### DATASET RECORDS:
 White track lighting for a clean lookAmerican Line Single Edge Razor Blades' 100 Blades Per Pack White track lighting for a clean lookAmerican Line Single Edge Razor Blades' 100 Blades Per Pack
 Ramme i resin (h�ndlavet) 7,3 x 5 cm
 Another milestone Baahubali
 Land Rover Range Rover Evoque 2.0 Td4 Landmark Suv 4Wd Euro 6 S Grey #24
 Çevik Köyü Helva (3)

==

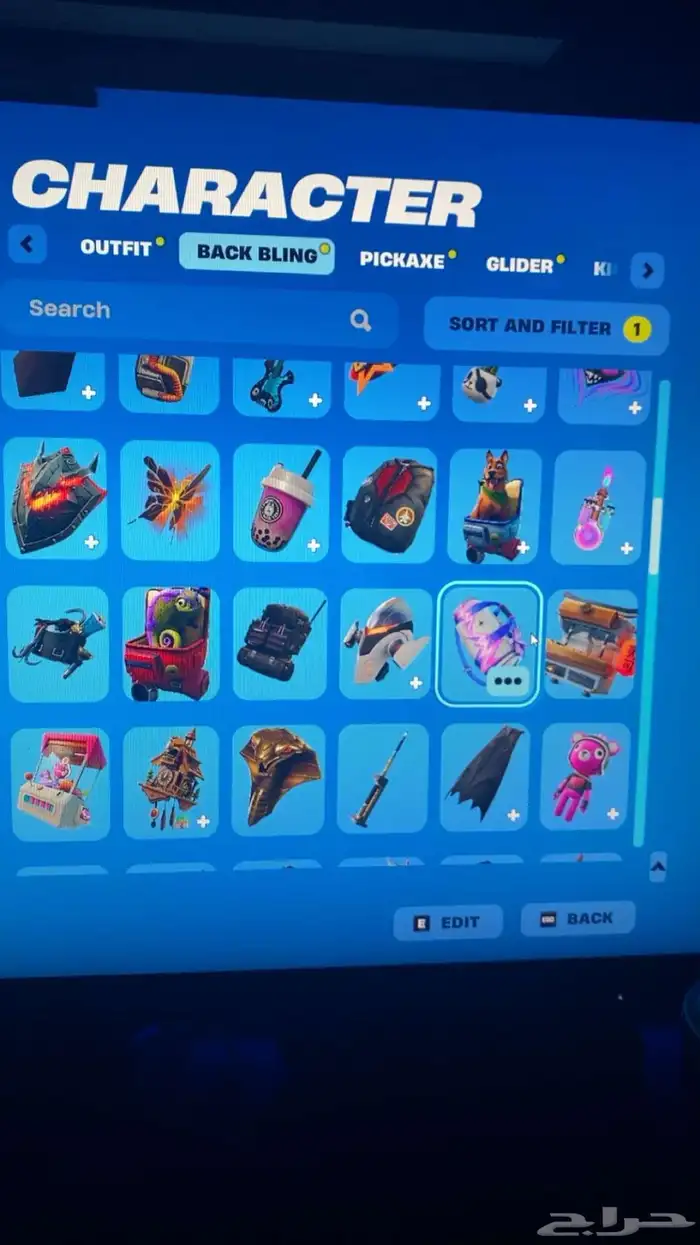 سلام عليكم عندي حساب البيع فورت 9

### TRY IT:
What you return must be an exact retyping of the lines above starting at the line with "Land Rover Range" and ending at the line with "Çevik Köyü Helva (3)", and nothing besides.

### TASK RESULT:
 Land Rover Range Rover Evoque 2.0 Td4 Landmark Suv 4Wd Euro 6 S Grey #24
 Çevik Köyü Helva (3)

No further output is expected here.